I started a small chia farm earlier this year out of curiosity. My plan was always to run it unobtrusively on a headless Pi. After about 10 weeks of intermittent farming, my 8TB pool plots drive is toast and my 1TB and 2TB spare drives are close to finished too. The Raspberry Pi 4B 4Gb is now too slow to run the Chia GUI or CLI on Ubuntu. The drives blew up before I had a chance to fully try out Ubuntu Server.

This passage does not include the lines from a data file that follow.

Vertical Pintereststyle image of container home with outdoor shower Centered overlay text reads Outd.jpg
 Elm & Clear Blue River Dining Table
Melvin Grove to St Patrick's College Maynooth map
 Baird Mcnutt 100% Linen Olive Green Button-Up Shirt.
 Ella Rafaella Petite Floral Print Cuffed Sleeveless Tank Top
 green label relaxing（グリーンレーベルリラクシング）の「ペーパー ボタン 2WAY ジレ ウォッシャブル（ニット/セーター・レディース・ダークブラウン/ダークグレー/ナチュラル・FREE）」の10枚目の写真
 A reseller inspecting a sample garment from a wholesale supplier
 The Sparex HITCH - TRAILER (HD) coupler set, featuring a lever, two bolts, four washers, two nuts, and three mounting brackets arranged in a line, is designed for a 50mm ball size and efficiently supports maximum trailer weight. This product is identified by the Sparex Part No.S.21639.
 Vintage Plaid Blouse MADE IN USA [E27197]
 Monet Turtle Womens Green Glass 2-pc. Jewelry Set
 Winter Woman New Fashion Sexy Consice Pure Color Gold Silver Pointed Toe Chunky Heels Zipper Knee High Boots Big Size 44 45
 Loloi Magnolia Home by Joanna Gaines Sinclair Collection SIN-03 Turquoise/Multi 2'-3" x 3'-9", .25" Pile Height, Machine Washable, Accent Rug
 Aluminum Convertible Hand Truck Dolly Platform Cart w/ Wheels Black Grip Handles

In the end I didn’t earn enough XCH to have anything released to my wallet. Overall, I wouldn’t advise anyone to pick up farming as a hobby unless they’re going with a medium to large-scale operation. I plotted on a Windows desktop, and transferred everything to the Pi for farming. A critical issue I ran into is the need to run Chia off of a static dedicated IP, which added the need for a VPN with this service. Setting up the VPN took about 6 weeks as the service had no set-up for Ubuntu 20.04.
After running the CLI and GUI versions of Chia, I can say that I prefer the CLI. It takes up less RAM, and you can check in via SSH on your desktop or even an SSH app on your phone.
For my ~$700 investment, I got:
- 1TB used server grade ssd
- RPi4 4Gb kit
- 2 years VPN
- 8TB drive (busted)
- SD cards, cables, etc.
I also learned a lot about networking, including:
- port forwarding
- shared folders
- Remote Desktop between Windows and Linux
I learned a lot about crypto through this process, and have come away with the opinion that whatever else it might be, Chia is not a sustainable currency given the current state of technology. Overall, if you’re interested in learning some new sysadmin skills, and maybe getting lucky in the challenges, might be worth it to you - especially if you’ve got the equipment lying around. However, your drives will blow out sooner rather than later.